Un peloton de nuages

Publié le par la freniere

 

Un peloton de nuages fusille l’horizon de ses balles d’eau froide, une goutte pour le cœur, une autre pour la tête, un éclat dans la chair, un éclair dans les yeux. Un doigt de pluie caresse l’aube lunaire du lac offrant son ventre plat aux plumes des malards.  J’écris sans parapluie, laissant le ciel mouiller les pages de mon seaman’s handbook. Il y a de tout entre les mots, des idées creuses comme des pattes de criquets, des volées d’hirondelles, une main courante cherchant ses doigts, un pied de biche battant semelle, des gémissements d’amour, des pieds dépareillés, des alouettes échappées d’un miroir, des souvenirs flambettes à peine issus d’hier, des voitures d’enfant, des pas d’ivrognes détraquant la boussole, des âmes déjà damnées cherchant la rédemption, des châteaux en Espagne, même des boites aux trésors. C’est un marché aux puces. Tout est bon pour écrire.
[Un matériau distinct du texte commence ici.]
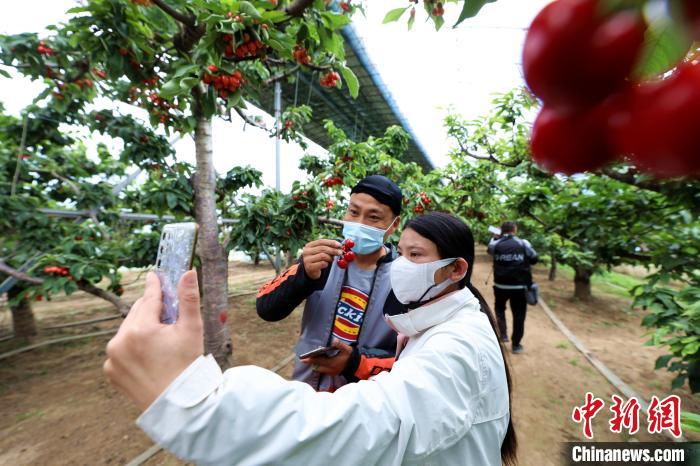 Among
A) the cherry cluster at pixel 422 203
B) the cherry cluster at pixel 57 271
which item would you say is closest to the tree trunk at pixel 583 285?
the cherry cluster at pixel 422 203

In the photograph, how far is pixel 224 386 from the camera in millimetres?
524

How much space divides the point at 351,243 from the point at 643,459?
2687 millimetres

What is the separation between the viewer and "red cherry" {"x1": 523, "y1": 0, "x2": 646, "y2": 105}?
25cm

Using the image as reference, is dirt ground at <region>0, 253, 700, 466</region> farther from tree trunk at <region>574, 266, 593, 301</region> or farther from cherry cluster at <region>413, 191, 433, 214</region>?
cherry cluster at <region>413, 191, 433, 214</region>

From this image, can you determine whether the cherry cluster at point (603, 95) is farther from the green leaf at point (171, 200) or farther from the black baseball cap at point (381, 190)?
the green leaf at point (171, 200)

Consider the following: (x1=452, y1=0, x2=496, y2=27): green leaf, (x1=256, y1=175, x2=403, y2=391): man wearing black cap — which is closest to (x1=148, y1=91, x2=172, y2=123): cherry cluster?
(x1=256, y1=175, x2=403, y2=391): man wearing black cap

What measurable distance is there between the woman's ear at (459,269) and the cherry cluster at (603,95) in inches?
39.4

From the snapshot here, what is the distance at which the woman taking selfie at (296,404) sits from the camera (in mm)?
488

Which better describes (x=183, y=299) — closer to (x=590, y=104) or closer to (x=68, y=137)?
(x=590, y=104)

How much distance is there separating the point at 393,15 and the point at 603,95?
105 cm

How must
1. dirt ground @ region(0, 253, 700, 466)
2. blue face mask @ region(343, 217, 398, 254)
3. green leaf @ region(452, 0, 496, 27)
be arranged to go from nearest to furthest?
green leaf @ region(452, 0, 496, 27)
blue face mask @ region(343, 217, 398, 254)
dirt ground @ region(0, 253, 700, 466)

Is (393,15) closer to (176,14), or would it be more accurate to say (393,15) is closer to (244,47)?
(244,47)

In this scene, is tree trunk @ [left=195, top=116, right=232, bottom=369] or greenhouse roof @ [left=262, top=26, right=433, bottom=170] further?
greenhouse roof @ [left=262, top=26, right=433, bottom=170]

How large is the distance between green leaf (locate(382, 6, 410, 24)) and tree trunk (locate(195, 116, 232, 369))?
96.3 inches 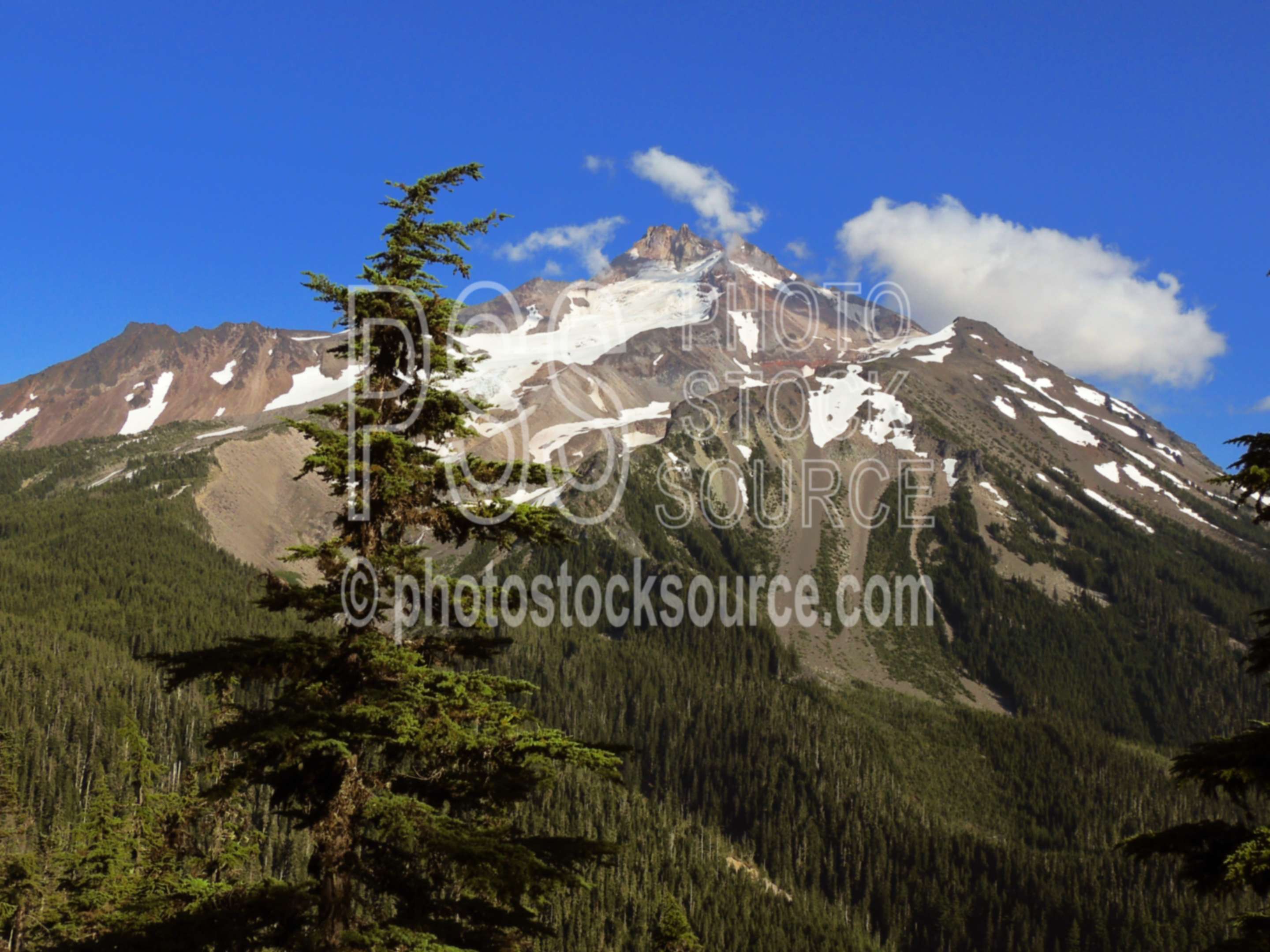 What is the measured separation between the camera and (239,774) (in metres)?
13.4

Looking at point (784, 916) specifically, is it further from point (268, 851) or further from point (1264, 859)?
point (1264, 859)

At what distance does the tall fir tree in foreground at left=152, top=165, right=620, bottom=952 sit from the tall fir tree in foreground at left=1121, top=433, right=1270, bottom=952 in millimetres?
7728

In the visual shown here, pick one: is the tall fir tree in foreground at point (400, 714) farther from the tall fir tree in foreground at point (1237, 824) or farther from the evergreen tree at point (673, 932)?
the evergreen tree at point (673, 932)

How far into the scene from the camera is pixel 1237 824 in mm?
13141

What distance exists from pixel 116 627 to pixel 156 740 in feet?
163

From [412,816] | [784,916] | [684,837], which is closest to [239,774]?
[412,816]

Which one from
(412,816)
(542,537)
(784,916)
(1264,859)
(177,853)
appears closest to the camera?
(1264,859) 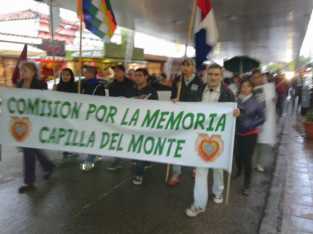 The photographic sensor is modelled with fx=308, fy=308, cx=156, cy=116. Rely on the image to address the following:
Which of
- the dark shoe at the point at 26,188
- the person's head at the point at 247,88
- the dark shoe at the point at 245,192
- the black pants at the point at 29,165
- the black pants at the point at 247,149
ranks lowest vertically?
the dark shoe at the point at 26,188

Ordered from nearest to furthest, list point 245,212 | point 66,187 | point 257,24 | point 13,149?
1. point 245,212
2. point 66,187
3. point 13,149
4. point 257,24

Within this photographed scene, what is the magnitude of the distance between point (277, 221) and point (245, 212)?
410 millimetres

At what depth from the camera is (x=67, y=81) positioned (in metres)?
5.64

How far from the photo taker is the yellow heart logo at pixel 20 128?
4305 millimetres

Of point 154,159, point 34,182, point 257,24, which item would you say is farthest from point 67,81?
point 257,24

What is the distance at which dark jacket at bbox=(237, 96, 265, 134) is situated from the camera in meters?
4.41

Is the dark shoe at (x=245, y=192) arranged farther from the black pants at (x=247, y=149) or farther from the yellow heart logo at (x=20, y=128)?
the yellow heart logo at (x=20, y=128)

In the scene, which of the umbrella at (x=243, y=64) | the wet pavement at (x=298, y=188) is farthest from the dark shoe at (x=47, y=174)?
the umbrella at (x=243, y=64)

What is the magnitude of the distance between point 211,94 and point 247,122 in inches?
36.6

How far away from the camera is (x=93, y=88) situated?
18.0 ft

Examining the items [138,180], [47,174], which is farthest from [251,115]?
[47,174]

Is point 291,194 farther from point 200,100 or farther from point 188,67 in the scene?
point 188,67

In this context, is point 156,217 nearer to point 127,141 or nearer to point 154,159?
point 154,159

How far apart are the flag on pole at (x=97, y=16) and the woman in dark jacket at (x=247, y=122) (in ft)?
9.34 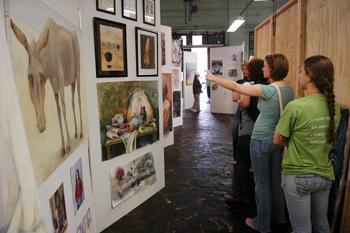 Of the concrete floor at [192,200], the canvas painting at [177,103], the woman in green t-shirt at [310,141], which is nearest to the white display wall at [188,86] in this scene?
the canvas painting at [177,103]

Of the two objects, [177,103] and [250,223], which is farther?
[177,103]

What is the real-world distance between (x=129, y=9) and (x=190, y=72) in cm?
985

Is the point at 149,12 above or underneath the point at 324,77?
above

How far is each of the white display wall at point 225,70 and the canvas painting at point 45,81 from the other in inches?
384

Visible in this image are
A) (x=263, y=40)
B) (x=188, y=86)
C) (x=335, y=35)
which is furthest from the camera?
(x=188, y=86)

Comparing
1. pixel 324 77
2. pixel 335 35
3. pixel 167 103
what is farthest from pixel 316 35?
pixel 167 103

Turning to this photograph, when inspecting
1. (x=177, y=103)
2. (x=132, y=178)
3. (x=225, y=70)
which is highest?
(x=225, y=70)

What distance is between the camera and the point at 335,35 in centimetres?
263

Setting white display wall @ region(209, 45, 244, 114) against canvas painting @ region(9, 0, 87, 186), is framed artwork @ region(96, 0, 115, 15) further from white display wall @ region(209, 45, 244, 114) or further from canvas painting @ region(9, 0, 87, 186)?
white display wall @ region(209, 45, 244, 114)

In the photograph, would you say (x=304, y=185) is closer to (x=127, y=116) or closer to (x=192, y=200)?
(x=127, y=116)

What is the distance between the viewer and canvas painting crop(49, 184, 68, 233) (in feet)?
5.47

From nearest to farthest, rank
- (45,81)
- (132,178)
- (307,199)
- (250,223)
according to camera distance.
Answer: (45,81), (307,199), (250,223), (132,178)

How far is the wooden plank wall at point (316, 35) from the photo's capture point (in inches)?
98.2

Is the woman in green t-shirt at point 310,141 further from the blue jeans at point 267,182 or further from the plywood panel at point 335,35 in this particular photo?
the blue jeans at point 267,182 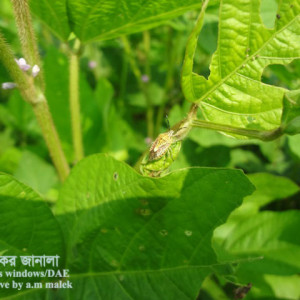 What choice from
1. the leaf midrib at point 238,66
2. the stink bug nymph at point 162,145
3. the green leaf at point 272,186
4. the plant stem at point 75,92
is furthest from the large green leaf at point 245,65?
the green leaf at point 272,186

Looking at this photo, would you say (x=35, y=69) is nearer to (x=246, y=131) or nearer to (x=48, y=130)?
(x=48, y=130)

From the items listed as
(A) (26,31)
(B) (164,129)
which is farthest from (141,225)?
(B) (164,129)

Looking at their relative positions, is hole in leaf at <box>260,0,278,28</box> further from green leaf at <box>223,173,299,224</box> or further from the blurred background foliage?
green leaf at <box>223,173,299,224</box>

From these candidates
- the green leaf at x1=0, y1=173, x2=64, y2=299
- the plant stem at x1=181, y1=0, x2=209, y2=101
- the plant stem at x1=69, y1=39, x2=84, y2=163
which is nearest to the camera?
the plant stem at x1=181, y1=0, x2=209, y2=101

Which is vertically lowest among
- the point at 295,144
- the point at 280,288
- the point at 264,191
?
the point at 280,288

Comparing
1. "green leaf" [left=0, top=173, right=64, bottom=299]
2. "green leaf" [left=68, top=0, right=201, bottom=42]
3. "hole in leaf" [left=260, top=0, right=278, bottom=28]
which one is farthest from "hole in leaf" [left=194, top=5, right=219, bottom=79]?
"green leaf" [left=0, top=173, right=64, bottom=299]

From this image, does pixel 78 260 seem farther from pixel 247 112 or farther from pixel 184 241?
pixel 247 112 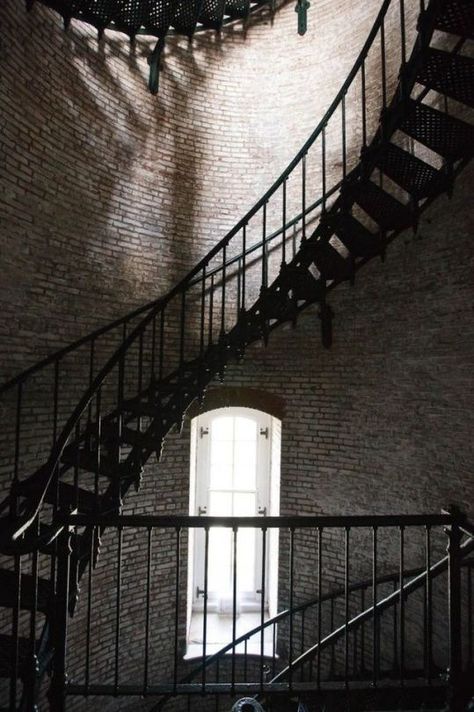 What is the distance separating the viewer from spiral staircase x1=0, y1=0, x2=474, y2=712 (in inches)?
99.2

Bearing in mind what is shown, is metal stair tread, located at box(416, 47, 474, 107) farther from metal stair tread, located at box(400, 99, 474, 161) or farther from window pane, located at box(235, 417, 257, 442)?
window pane, located at box(235, 417, 257, 442)

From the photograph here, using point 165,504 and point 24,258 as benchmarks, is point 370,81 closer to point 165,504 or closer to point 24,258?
point 24,258

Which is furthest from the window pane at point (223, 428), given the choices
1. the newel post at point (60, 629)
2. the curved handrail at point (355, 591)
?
the newel post at point (60, 629)

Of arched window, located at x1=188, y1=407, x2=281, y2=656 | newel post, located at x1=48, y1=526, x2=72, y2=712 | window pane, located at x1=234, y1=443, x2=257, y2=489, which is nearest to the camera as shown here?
newel post, located at x1=48, y1=526, x2=72, y2=712

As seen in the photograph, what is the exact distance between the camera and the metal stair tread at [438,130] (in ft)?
9.61

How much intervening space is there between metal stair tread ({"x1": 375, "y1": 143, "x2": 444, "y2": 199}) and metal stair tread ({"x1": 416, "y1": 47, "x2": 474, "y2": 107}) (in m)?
0.42

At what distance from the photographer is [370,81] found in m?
5.11

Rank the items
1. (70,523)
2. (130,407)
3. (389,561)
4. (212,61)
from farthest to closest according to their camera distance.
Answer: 1. (212,61)
2. (389,561)
3. (130,407)
4. (70,523)

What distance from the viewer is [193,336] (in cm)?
529

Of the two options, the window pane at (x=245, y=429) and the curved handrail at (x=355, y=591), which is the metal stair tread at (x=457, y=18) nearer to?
the curved handrail at (x=355, y=591)

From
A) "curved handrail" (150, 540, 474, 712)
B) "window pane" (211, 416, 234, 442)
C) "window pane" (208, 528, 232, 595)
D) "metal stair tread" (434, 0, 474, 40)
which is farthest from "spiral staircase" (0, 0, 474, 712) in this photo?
"window pane" (208, 528, 232, 595)

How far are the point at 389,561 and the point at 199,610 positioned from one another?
261 cm

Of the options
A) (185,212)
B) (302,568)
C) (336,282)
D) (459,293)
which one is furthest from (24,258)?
(302,568)

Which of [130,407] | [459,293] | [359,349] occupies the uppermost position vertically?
[459,293] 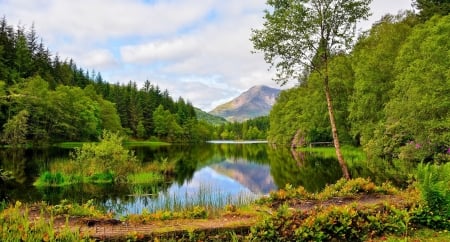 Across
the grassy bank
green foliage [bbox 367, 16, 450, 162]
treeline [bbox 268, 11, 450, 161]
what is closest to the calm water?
green foliage [bbox 367, 16, 450, 162]

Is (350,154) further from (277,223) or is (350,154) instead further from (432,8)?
(277,223)

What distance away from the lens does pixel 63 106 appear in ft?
248

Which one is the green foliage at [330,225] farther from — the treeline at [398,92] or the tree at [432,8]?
the tree at [432,8]

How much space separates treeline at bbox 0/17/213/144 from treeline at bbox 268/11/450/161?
117ft

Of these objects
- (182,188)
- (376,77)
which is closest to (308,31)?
(182,188)

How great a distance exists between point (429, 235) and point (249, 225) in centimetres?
440

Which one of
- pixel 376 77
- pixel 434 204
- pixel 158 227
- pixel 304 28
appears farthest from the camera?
pixel 376 77

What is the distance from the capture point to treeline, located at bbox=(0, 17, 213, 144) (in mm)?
67688

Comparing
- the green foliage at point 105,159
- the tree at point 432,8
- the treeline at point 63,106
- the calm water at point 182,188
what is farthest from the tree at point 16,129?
the tree at point 432,8

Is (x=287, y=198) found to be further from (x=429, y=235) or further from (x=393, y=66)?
(x=393, y=66)

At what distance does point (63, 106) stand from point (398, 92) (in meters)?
64.3

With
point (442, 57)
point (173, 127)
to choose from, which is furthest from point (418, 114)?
point (173, 127)

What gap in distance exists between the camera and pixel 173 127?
125 meters

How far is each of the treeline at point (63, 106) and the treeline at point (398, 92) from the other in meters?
35.6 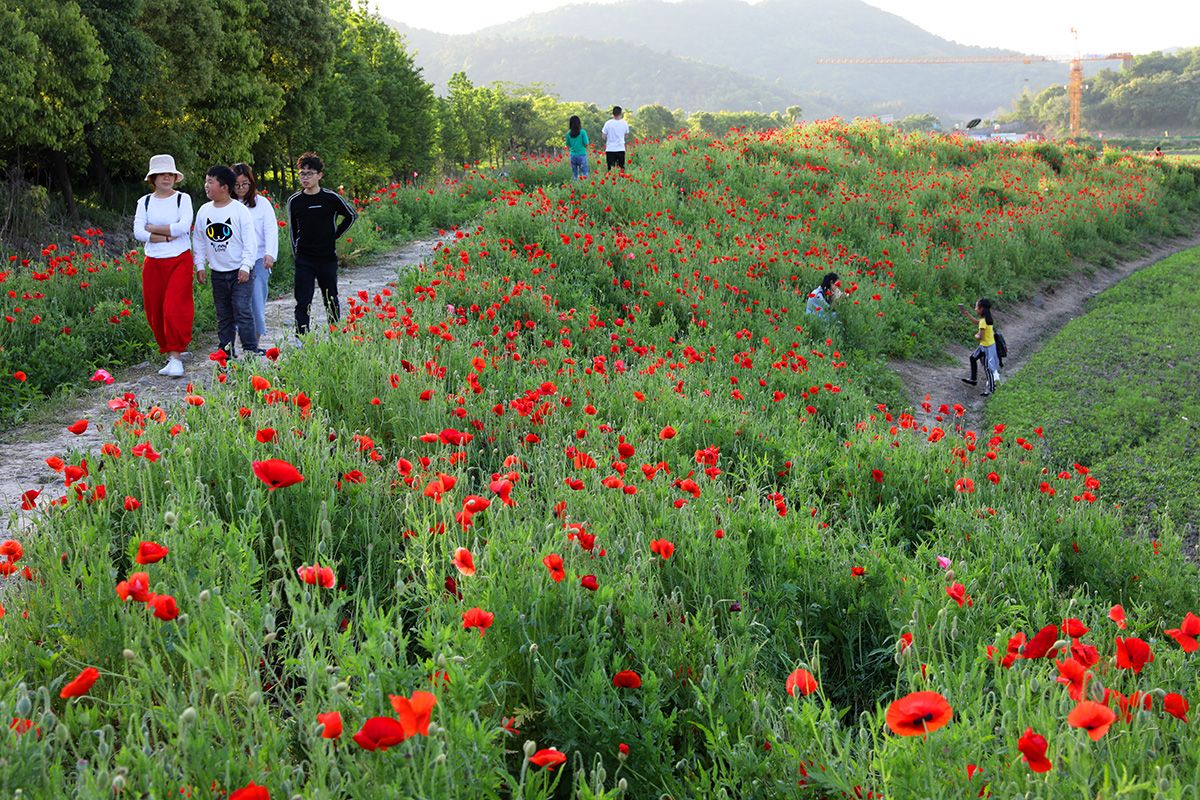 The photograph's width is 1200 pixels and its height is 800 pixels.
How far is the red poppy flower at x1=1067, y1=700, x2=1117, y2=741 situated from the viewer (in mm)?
1752

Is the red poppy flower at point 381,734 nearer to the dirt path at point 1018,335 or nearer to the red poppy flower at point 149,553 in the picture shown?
the red poppy flower at point 149,553

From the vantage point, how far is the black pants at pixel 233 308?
25.3 feet

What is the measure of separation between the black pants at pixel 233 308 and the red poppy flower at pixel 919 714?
7.04m

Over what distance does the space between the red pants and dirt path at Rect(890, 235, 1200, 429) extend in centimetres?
720

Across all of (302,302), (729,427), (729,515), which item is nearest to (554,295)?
(302,302)

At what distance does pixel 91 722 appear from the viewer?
244 cm

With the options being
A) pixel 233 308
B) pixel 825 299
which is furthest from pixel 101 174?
pixel 825 299

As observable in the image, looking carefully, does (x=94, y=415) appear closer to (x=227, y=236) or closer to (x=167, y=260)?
(x=167, y=260)

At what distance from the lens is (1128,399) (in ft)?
35.0

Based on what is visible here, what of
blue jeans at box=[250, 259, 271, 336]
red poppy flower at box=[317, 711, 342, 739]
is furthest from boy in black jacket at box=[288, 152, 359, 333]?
red poppy flower at box=[317, 711, 342, 739]

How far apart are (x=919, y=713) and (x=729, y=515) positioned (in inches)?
97.1

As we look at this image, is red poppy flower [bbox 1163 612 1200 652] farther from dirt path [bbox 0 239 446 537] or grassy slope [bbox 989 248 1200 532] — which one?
grassy slope [bbox 989 248 1200 532]

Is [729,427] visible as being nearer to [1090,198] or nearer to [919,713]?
[919,713]

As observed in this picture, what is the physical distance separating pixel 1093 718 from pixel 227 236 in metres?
7.51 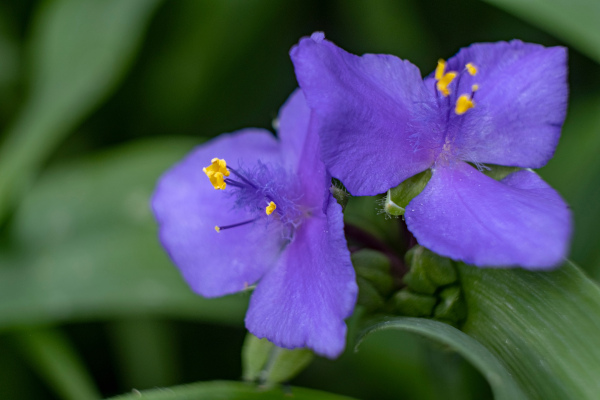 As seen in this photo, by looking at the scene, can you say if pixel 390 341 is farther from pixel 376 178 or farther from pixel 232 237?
pixel 376 178

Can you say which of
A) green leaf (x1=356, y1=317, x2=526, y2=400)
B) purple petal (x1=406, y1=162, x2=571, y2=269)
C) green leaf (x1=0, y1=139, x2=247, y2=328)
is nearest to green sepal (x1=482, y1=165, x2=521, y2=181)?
purple petal (x1=406, y1=162, x2=571, y2=269)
Il n’est que de guetter l’extraordinaire, le fil qui dépasse, la portière qui coince, deux amoureux qui s’aiment pour de vrai, une colombe roucoulant auprès d’une corneille, une corbeille à papier d’où s’échappent des phrases habillées d’espagnol ou de latin ancien.

         Les têtes devenues trop larges rapetissent le cerveau. Tant est qu’au petit matin, on se retrouve plié en quatre au fond d’un portefeuille. Il n’y a plus de mendiants à la porte des églises. (Aucune âme charitable ne fréquente ces lieux.) Ils dessinent des lèvres aux bouches de métro, espérant sans doute la ferraille d’un pourboire. Sur un vieux banc de parc, la petite sœur des pauvres distribue des sourires. Il n’y a plus de coins sombres où méditer à l’aise. Dans le moindre des bars, les comptoirs brillent comme un dentier de luxe. Même au fond des rangs, des lampadaires halogènes bouffent le gras de la nuit. Je garde en moi quelques morts debout. Dormir des deux yeux m’empêche de rêver. Je couche avec de l’encre sur un lit de papier. J’ai déjà trop vécu pour faire semblant de vivre. Je parle au vent du nord un langage de neige. Les cathédrales de feuillage s’enflamment avant l’hiver. Les érables du parc changent d’habit et jettent leur perruque. À chaque automne, la chlorophylle vient à manquer. Le froid change les choses. La terre s’épaissit. Le ciel est transparent. De midi à l’hiver, le temps s’est arrêté. On sent déjà dans l’air l’odeur coupante du gel. Dans toutes les réponses que l’on apporte à vivre, la question reste entière.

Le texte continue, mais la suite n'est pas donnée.